Data shown
==========

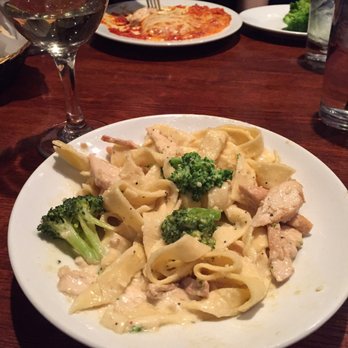 BRODY'S ITALIAN - Chicken fettuccini Alfredo with broccoli!! Delicious! A little Pino Grigio to go with it. - Italian Near Me - Phoenix, Arizona BRODY'S ITALIAN - Chicken fettuccini Alfredo with broccoli!! Delicious! A little Pino Grigio to go with it. - Italian Near Me - Phoenix, Arizona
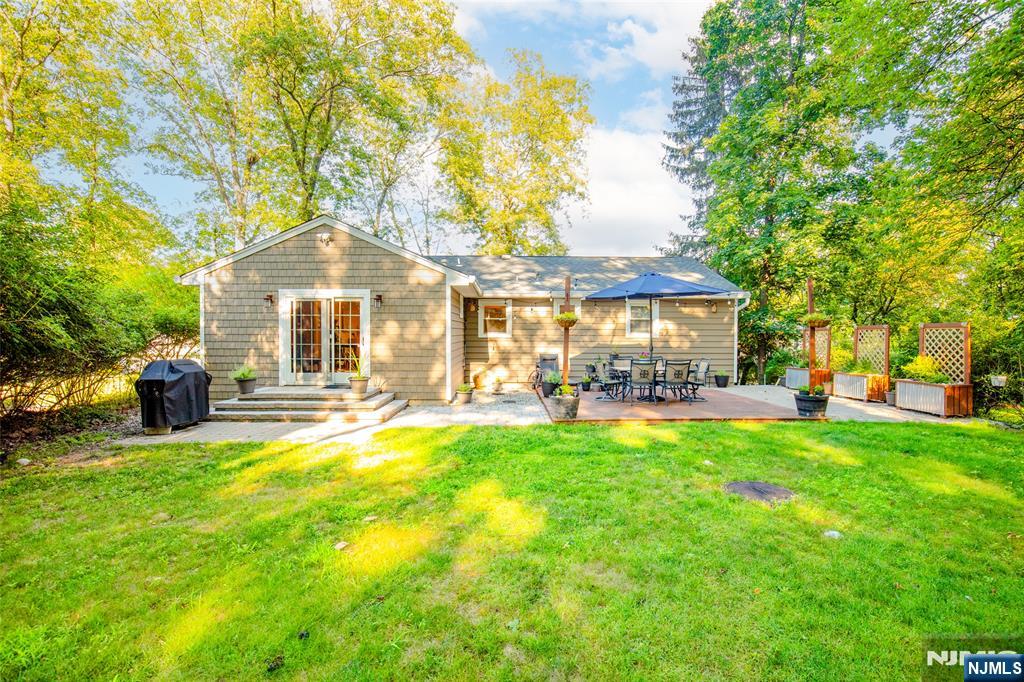 27 Minnehaha Boulevard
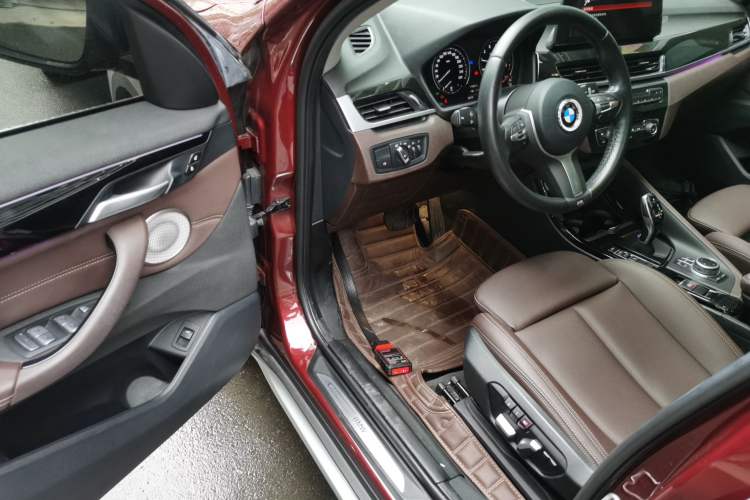 Used BMW X1 2021 sDrive20Li Premium Edition Driver Seat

==========

Task details
Take the material above and set it down exactly, minus the images.

Task answer
 BRODY'S ITALIAN - Chicken fettuccini Alfredo with broccoli!! Delicious! A little Pino Grigio to go with it. - Italian Near Me - Phoenix, Arizona BRODY'S ITALIAN - Chicken fettuccini Alfredo with broccoli!! Delicious! A little Pino Grigio to go with it. - Italian Near Me - Phoenix, Arizona
 27 Minnehaha Boulevard
 Used BMW X1 2021 sDrive20Li Premium Edition Driver Seat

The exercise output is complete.